I am trying to setup PDF full image/text search (some PDFs are just images and not text) in my NextCloud 25.0.6 instance. It runs on Rokcy Linux 8 (fully updated) as a web page, served by the host’s apache server (not running as container image or virtual image).
Googling around and searching in this forum, I started by installing Tesseract and adding the English language for start.
Under Admin → Administration → Full Text Search, I could see nothing but “General Settings” with the “Search Platform” empty.
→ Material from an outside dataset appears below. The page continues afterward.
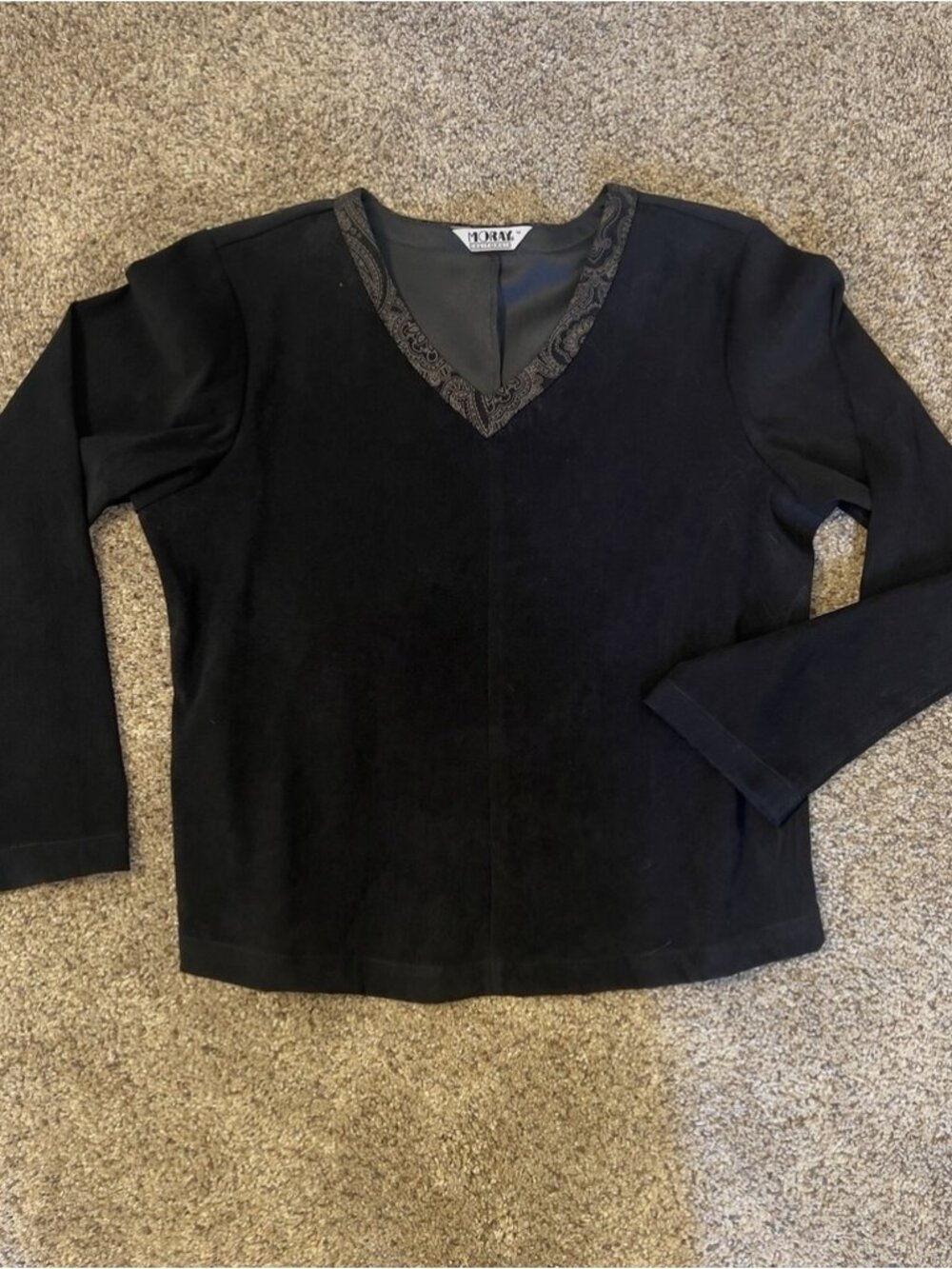 Moray California Vintage Womens Velour Sleeve V-Neck Blouse Velvet Black M Chic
Also show in the bellow screenshot.
Then again looking for information in the Wiki I concluded (maybe wrongly?) that I have to install ElasticSearch.
So I did.
At that point, the Search Platform option could be populated (Elasticsearch was an option) and only then the Tessearct OCR options became available.
All the above, as the admin user.
I do have a small doubt about the elasticsearch part specifically the url setting as the installation is using certs for authentication:
Now I login as a non-admin user and create a flow.
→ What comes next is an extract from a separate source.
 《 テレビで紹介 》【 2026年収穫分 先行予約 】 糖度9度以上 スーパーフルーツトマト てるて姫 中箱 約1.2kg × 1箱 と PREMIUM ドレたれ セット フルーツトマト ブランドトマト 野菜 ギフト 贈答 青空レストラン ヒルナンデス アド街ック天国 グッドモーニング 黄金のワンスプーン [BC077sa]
And I also add the following with crontab -u apache -e
:
*/5 * * * * php -f /mnt/services//www/html/nextcloud/cron.php
At this point I expect as a non admin user:
- Adding the OCR tag to a pdf file, this to be OCRed.
- Searching words contained in the pdf (English language pdf) to return results pointing to that document
- The cron job to do something (but what???)
What I actually have is:
- Adding the OCR tag to a pdf, does not seam to OCR it.
- The disks are 100% active. Tools for tracing activity (iotop, top, ps etc) show that there
php -f /mnt/services//www/html/nextcloud/cron.php
is running all the time (doing what?) and mariadb is constantly updating tuples.
So my questions:
- Do I correctly think that Tessaract ocr will actually fully ocr any English pdf document with the OCR tag assigned to it?
- Are the above steps take correct towards that?
- Am I missing something?
- Do I have a correct test case (assign the OCR tag to a pdf & wait for it to be indexed)?
- Where does elasticsearch fit in the setup?
- Why is the system (cron.php / mysql) so busy? Doing what? How to find out?
Much appreciated.
Cheers,
Theo